Closing or Escrow Fees
Although this varies depending on jurisdiction, you’ll often have to pay a closing or escrow fee. “In some states, you would close “in escrow,” which requires the services of an escrow company, real estate attorney, or title company to conduct the closing and distribute funds to all parties involved in the deal,” says Michael J. Romer, managing partner at New York-based law firm Romer Debbas. “In states where there is a same-day closing with attorneys present for all parties, you typically would not see an additional closing fee or escrow fee.” Romer says that escrow fees tend to be a percentage (say, 1 percent) of the purchase price.
You might be expecting to pay attorney’s fees for your lawyer, but according to Romer, in some jurisdictions, you may have to pay for the financing bank’s lawyer as well. “Bank attorney fees typically range from $800 to $1,500, on average, depending on the lender,” he explains.
And depending on where you’re buying a home, Romer says your lawyer’s cost could be anywhere from several hundred to several thousand dollars. “Attorneys in luxury real estate markets generally charge a premium for their services, which is, in part, due to the white-glove service required as well as the increased liability associated with luxury transactions.”

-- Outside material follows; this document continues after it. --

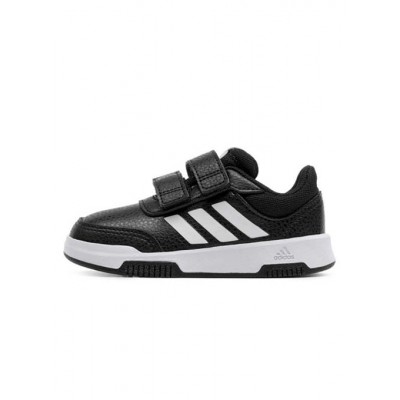 Маратонки Adidas Tensaur Sport 2.0 GW6456 Маратонки Adidas Tensaur Sport 2.0 GW6456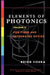 Elements of Photonics, Volume II: For Fiber and Integrated Optics by Keigo Iizuka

There are also other fees that can vary by jurisdiction, and Romer warns that they can be quite unexpected. For example, he notes that sometimes there is an “attendance fee,” or “tip,” paid to the person who attends the closing on behalf of the title insurance company. “This will typically be a few hundred dollars, depending on what is customary in your area,” he explains.
Romer offers a final tip to avoid surprises: “It is important to work with the right real estate broker, attorney, and lender to ensure you are fully prepared.”